In order to make the Nova 'fabric' more resilient, we propose to introduce several 'circles' of resiliency management, each detecting and reacting to potential failure events at different levels.

  • Resiliency mechanisms within each node (potentially running one or more Nova services)
    1. Service failure
      • Event: partial or full failure of a service, detected by a dedicated watchdog mechanism (which could potentially monitor 'liveness' of service-specific aspects)
      • Action (isolation & recovery): restart the service
  • Rejuvenation
    • Event: timer (periodic)
    • Action (prevention): (graceful) restart of services
  • Network failure (in a redundant configuration)
    • Even: failure of a network interface, link, or switch
    • Action: continue uninterrupted, due to redundant configuration. replace failed hardware component, to prevent outage due to repeated failure (note: if requires shutting down the node, evacuate all the running VMs first)
  • Network disconnect
    • Event: node can not see other nodes
    • Action (isolation): shut down services and VMs which are likely to be taken over elsewhere (Note: applicable to 'singleton' services which use Leader Election instrumentation, and for VMs that can be failed over to another node by an HA mechanism)
  • Cell/pool-wide resiliency mechanisms
    1. Service failure
      • Event: failure of a service, detected by heartbeat/membership mechanism (see NovaZooKeeperServiceHeartbeat)
      • Action (isolation):
        1. resiliency agent on the node is approached to perform recover/rejuvenation (e.g., via SSH)
        2. if not successful or the node is unreachable on the network, the node's power is cycled via HW management interface (if accessible).
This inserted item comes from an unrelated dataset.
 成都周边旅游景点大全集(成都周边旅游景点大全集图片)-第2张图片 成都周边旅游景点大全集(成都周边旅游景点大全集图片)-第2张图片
Optionally, fresh image is loaded via PXE.
    2. Action (recovery):
      1. for 'singleton' services, a 'standby' copy is promoted to the 'leader' role using leader election mechanism (see NovaZooKeeperLeaderElection)
      2. for services that depend on the failed service, the dependent services are notified (e.g., scheduler that should stop redirecting requested to a failed compute node)
      3. if the failed service is nova-compute, HA mechanism restarts instances whose storage is accessible from other nodes (e.g., in case of shared storage, boot from volume, etc)
  • Resiliency mechanisms for stateful operations
    1. keep track of in-progress operations (e.g., using a workflow engine)
    2. keep track of success and failure of individual steps
    3. when failure detected, apply retires mechanism
    4. make each stateful component able to detect previously failed attempts and recover (e.g., avoid several attempts to create the same VM)
    5. garbage collection: periodically check the consistency of the distributed state (e.g., data model in the DB versus the actual libvirt configuration on the nodes), apply cleanup when needed

Nova Resiliency -- Next Level of Details (Draft)

Possible failures

A node failure (hardware failure, OS crash, etc) -- see below
  • A) node network connectivity failure (adapter, cable, port, etc) -- N/A, assuming redundant network connectivity
    1. management network
    2. VMs communication network
    3. storage network
  • B) nova service failure (e.g., process crashed) -- detected and restarted by a local watchdog process (see below)
    1. compute
    2. volume
    3. network
    4. scheduler
    5. api.
  • C) Fabric component failure -- N/A, assuming redundant/highly available configuration
    1. ZK
    2. DB
    3. RPC
  • D) Failure of other OpenStack services -- N/A, assuming redundant/highly available configuration
    1. Glance
    2. Keystone

Recovery from (C) service failure:

A watchdog (nova-node-keeper) process will monitor the following failure conditions, and react to recover from the failure:

Steps:

  1. checks liveness of nova services which are supposed to run on the node. If died (but should be up according to the DB) -- restart, if stuck -- kill & restart, if unsuccessful -- restart the OS
    • * Note: liveness check should be aware of the service internals. Each service will have an instrumentation to monitor/report its livenss, which would be used by nova-node-keeper. Additionally, mova-node-keeper may apply proactive rejuvenation activities (e.g., periodically restart the services).
  2. for nodes running a service which acts as a proxy to another function (e.g., nova-compute acting as a proxy to a local libvirtd to manage the VM instances), the watchdog will check liveness of that function, and will attempt to restart/recover it if becomes unavailable (e.g., restart libviritd, if stuck -- kill & restart, if unsuccessful -- restart the OS)

Recovery from (A) node failure:

For nodes running nova-compute, we want to start the VMs that were running on the failed node on another compute node (either all of them, or only those specifically labeled as 'HA-enabled'). There exact recovery procedure depends on the storage copnfiguration:

  1. no shared storage -- new VM is provisioned (same "identity")
  2. shared storage -- the same VM is restarted
  3. boot from volume -- the same VM is restarted

Steps:

  1. failure detection (using svcgroup, with timeout that allows the system to 'stabilize' in case of transient failures -- e.g., C.1: nova-compute crashed, restarted by watchdog and re-connected to membership service) -- notifying a new service called "nova-vm-keeper"
  2. verify that the node and the VMs are not accessible on the network (note: should be redundant, but wouldn't hurt to double-check)
  3. find new placement (e.g., using existing placement/scheduler logic)
  4. deploy (for A.1) or re-create (for A.2 and A.3) the instance on the new host (down to libvirt, including DB update, etc)
  5. re-connect volumes/networks (incl. cleanup of the connections to the old host/instance, DB update, etc)
  6. ensure same "identity" and "state" (db entry, IP, credentials, what else?)
  7. try restarting the node via HW management interface (or manually)
  8. when/if the node is back online, ensure that the VMs are not launched again (e.g., make sure nova-node-keeper starts before libvirt, checks in DB whether the instances has been recovered on a different node, cleans up stale VM definitions in libvirt)

For nodes running nova-api or nova-scheduler (as well as nova-volume and nova-network in cases when they act as proxy to another hardware), the extended leader election service (with support for n leaders/active nodes) to spwan another instance of the failed service(s) on other node(s).